What is needed is a faithful transcription of all the data below, pictures excluded.
::: STUDY MATERIAL :::
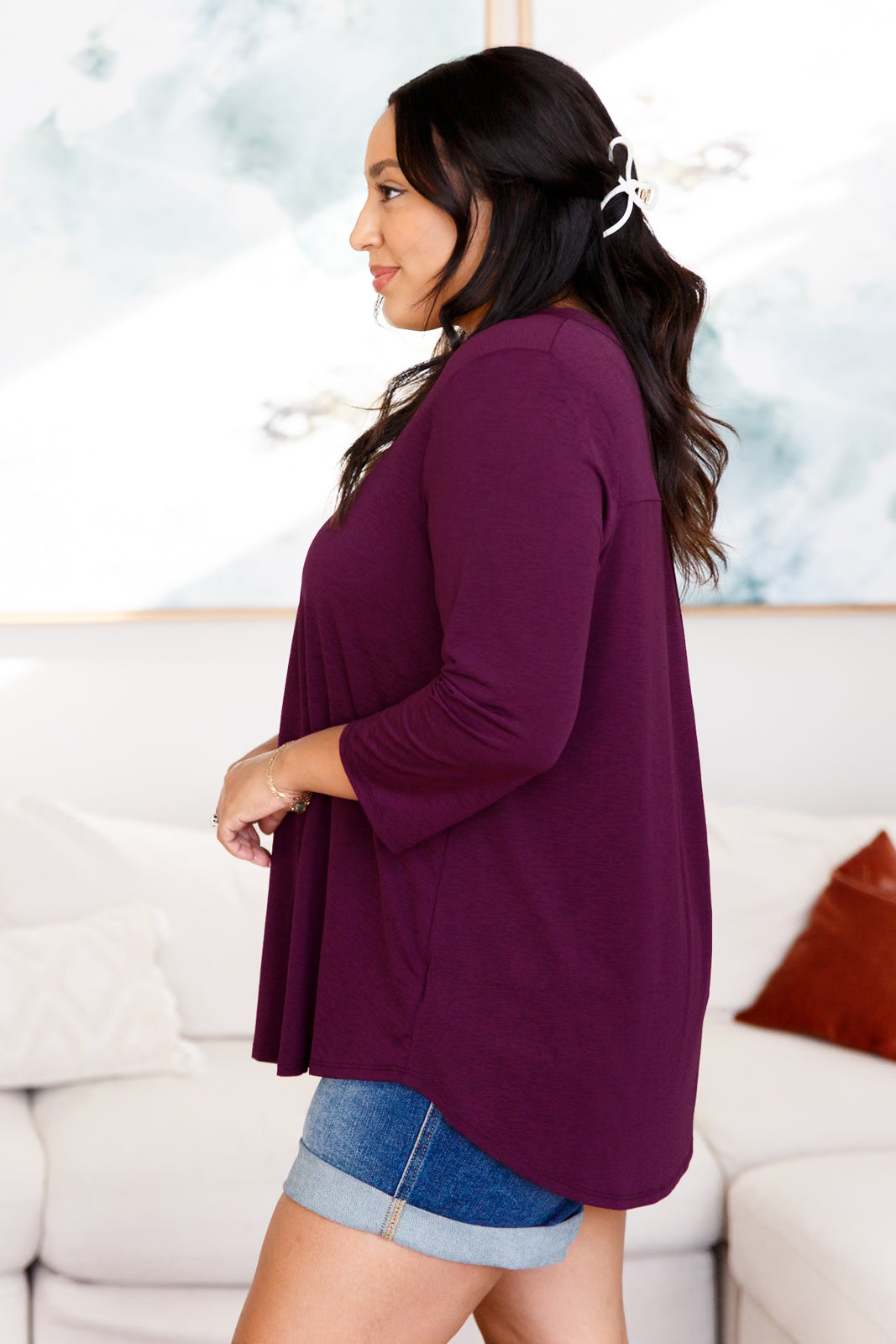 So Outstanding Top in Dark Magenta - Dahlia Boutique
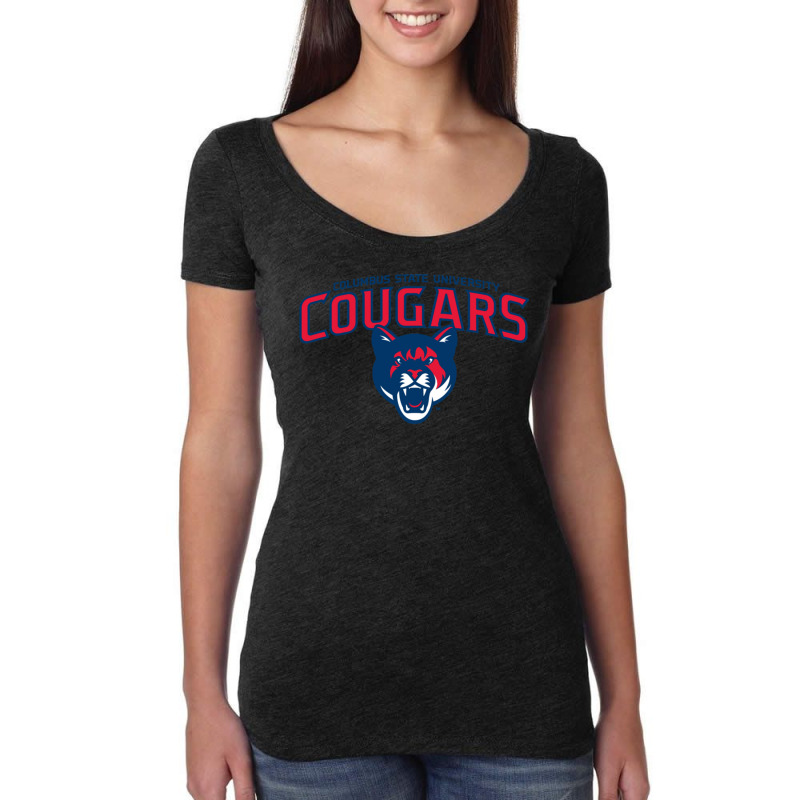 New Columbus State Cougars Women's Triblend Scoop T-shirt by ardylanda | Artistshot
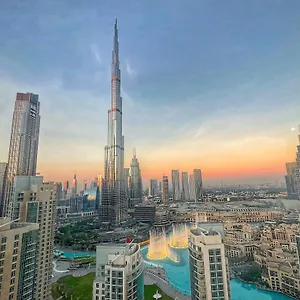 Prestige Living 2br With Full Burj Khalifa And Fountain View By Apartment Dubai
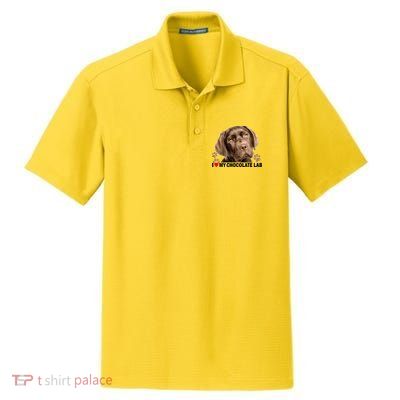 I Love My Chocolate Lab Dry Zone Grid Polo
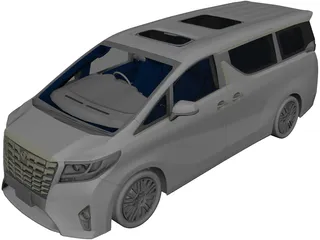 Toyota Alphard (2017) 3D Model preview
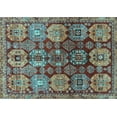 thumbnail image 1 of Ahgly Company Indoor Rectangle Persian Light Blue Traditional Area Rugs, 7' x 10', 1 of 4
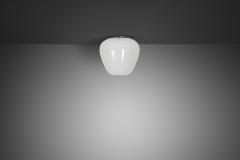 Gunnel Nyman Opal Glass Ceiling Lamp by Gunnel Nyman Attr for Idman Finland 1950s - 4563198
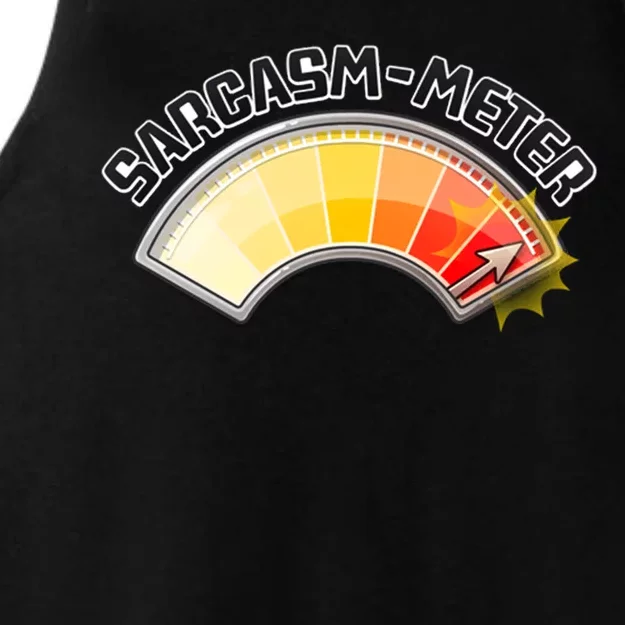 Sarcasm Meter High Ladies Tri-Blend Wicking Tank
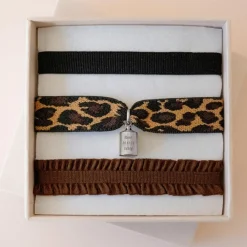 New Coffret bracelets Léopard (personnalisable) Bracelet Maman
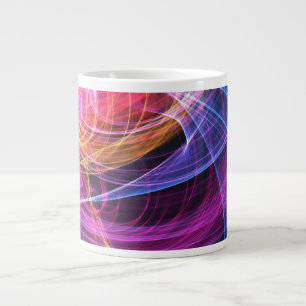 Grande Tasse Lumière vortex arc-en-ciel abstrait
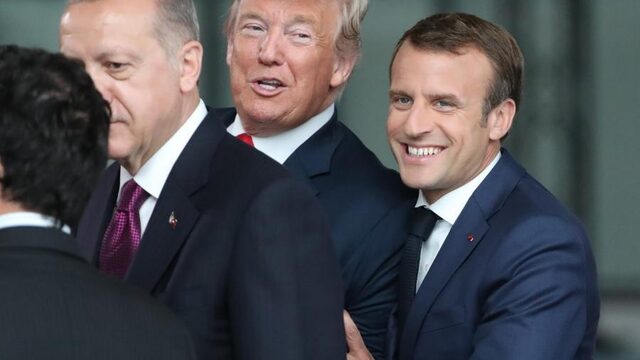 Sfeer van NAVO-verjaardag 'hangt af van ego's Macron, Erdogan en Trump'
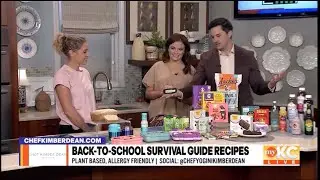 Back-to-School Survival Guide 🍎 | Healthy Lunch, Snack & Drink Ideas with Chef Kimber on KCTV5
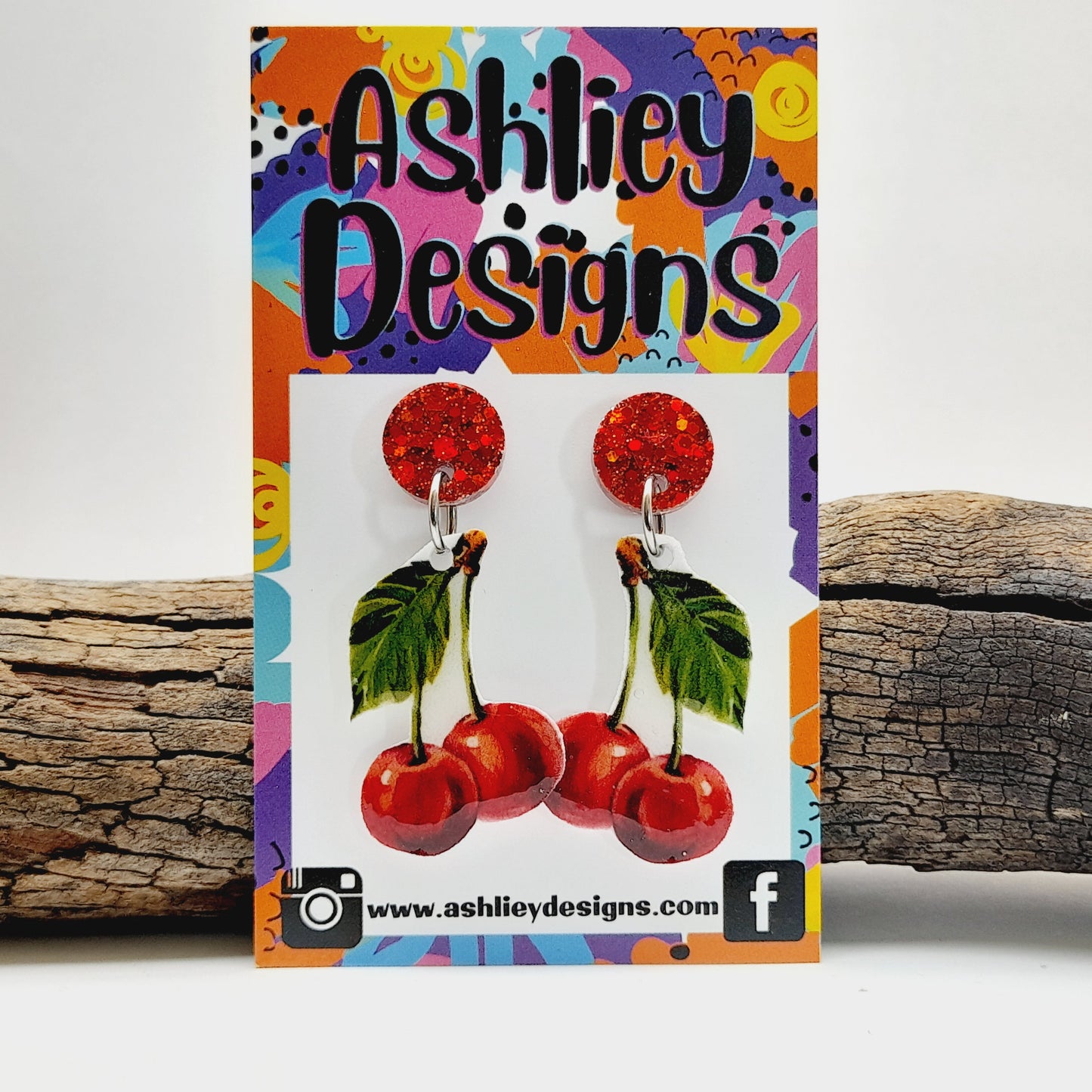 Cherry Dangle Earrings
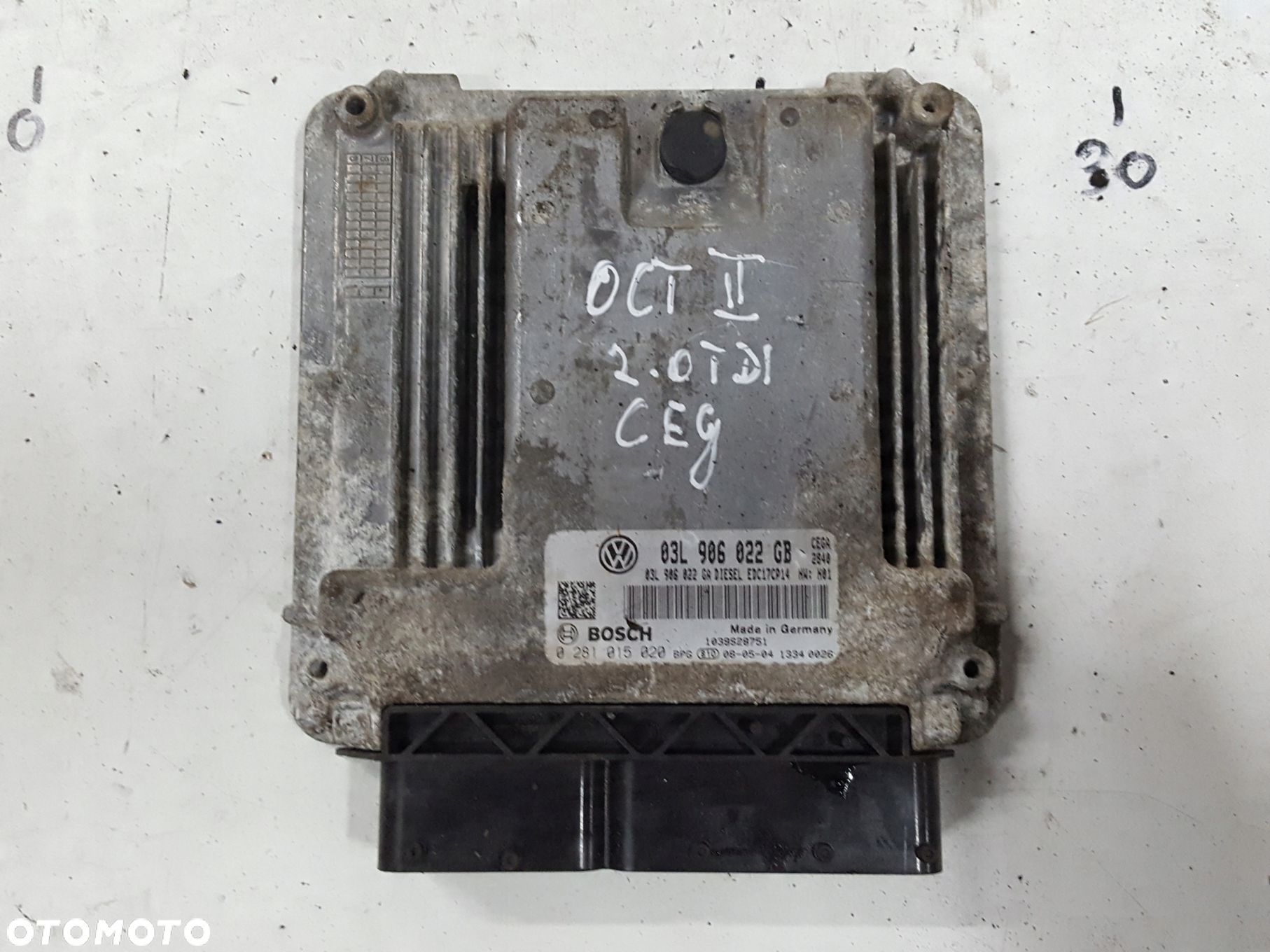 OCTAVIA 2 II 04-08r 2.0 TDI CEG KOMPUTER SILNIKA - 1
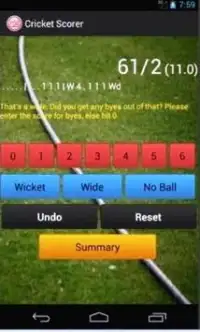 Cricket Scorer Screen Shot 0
:::
**TASK RESULT**
 So Outstanding Top in Dark Magenta - Dahlia Boutique
 New Columbus State Cougars Women's Triblend Scoop T-shirt by ardylanda | Artistshot
 Prestige Living 2br With Full Burj Khalifa And Fountain View By Apartment Dubai
 I Love My Chocolate Lab Dry Zone Grid Polo
 Toyota Alphard (2017) 3D Model preview
 thumbnail image 1 of Ahgly Company Indoor Rectangle Persian Light Blue Traditional Area Rugs, 7' x 10', 1 of 4
 Gunnel Nyman Opal Glass Ceiling Lamp by Gunnel Nyman Attr for Idman Finland 1950s - 4563198
 Sarcasm Meter High Ladies Tri-Blend Wicking Tank
 New Coffret bracelets Léopard (personnalisable) Bracelet Maman
 Grande Tasse Lumière vortex arc-en-ciel abstrait
 Sfeer van NAVO-verjaardag 'hangt af van ego's Macron, Erdogan en Trump'
 Back-to-School Survival Guide 🍎 | Healthy Lunch, Snack & Drink Ideas with Chef Kimber on KCTV5
 Cherry Dangle Earrings
 OCTAVIA 2 II 04-08r 2.0 TDI CEG KOMPUTER SILNIKA - 1
 Cricket Scorer Screen Shot 0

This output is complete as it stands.